Research will continue to focus on building a more complete picture of infection patterns in extremity war wounds from Iraq and Afghanistan. The coauthors are investigators in an OTRP-sponsored program to create a registry of wound infection data from patients at BAMC, Walter Reed Army Medical Center, and other major military hospitals [10]. This long-term project should offer clues to the origin of resistant infections and how variations in treatment such as antibiotic usage and surgical débridement affect outcomes.

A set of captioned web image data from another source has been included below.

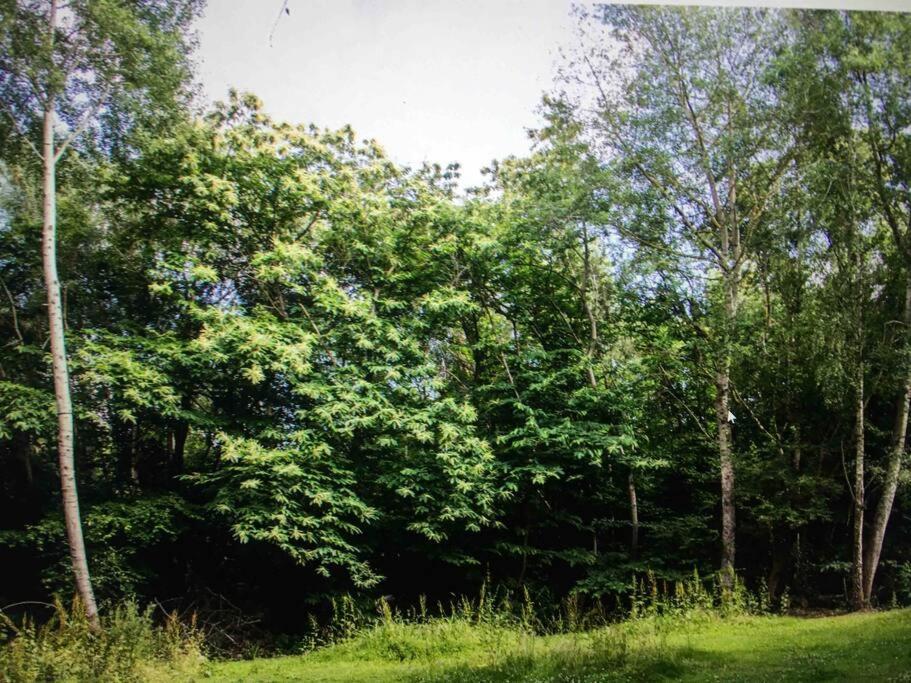 Cosy Woodland Romantic Retreat With Log Fires And Nature Sturry Kültér fotó
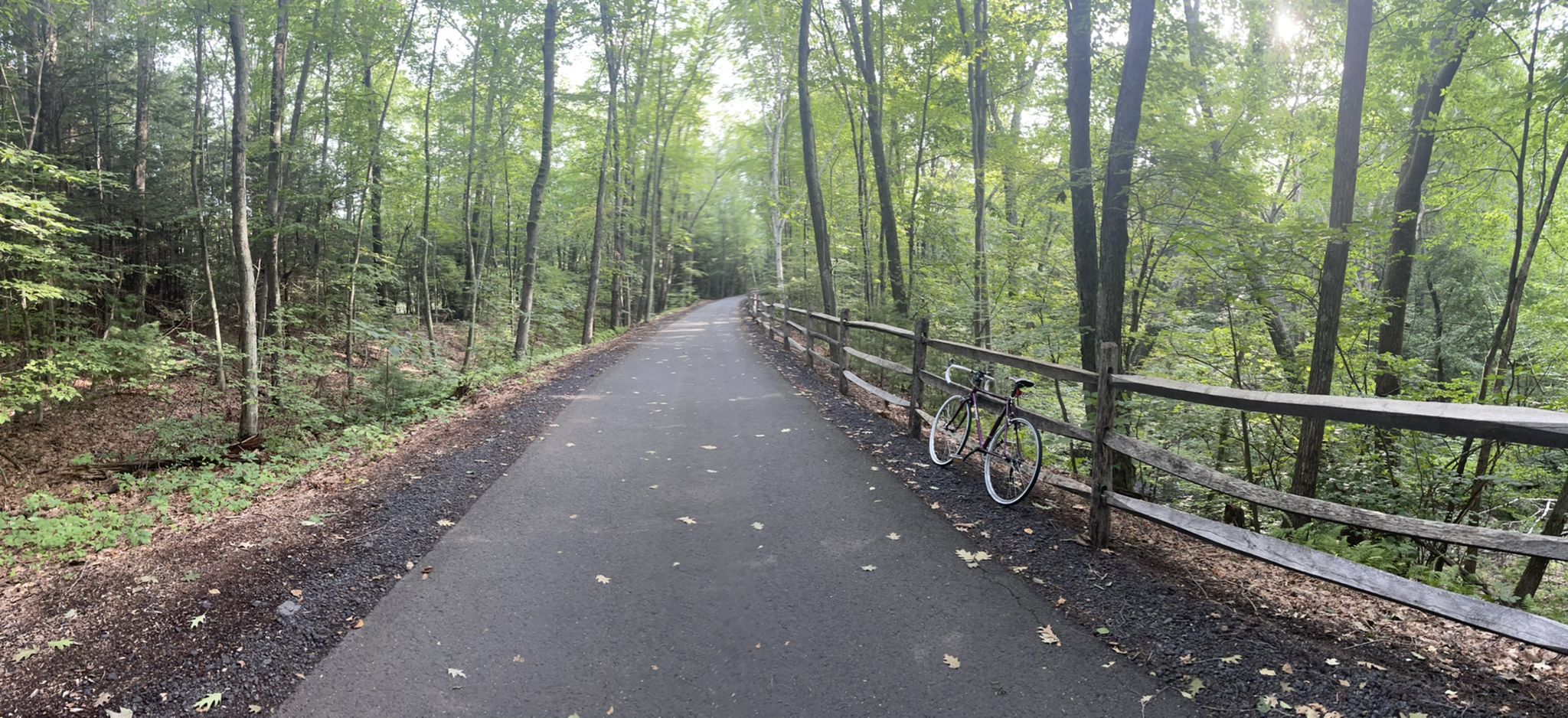 Paved path through a green forest with a bicycle leaning on a wooden fence. - Barkhamsted to Simsbury loop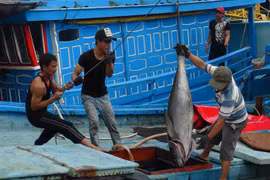 Worker safety at risk, especially in fishing
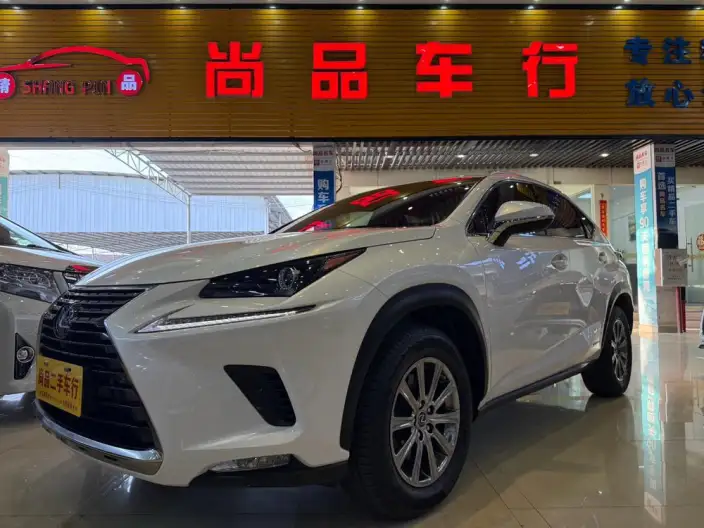 Lexus NX 2020 Model 300h Qian Drive Fengshang Edition China VI – фото 1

War wound infections have long posed a major challenge for military medicine, and as the care of casualties continues to enhance survival rates, infectious complications will remain a major cause of morbidity. U.S. casualties from Iraq and Afghanistan often have wounds that are colonized or infected with multidrug-resistant strains of Staphylococcus aureus, ABC, Pseudomonas aeruginosa, and Klebsiella pneumonia. Nosocomial infection and overuse of broad-spectrum antibiotics are the most important short-term concerns facing military caregivers in this regard. Longer-term research must focus on improved antibiotic therapies, employing both new and old agents, and a better understanding of wound patterns and infectious complications.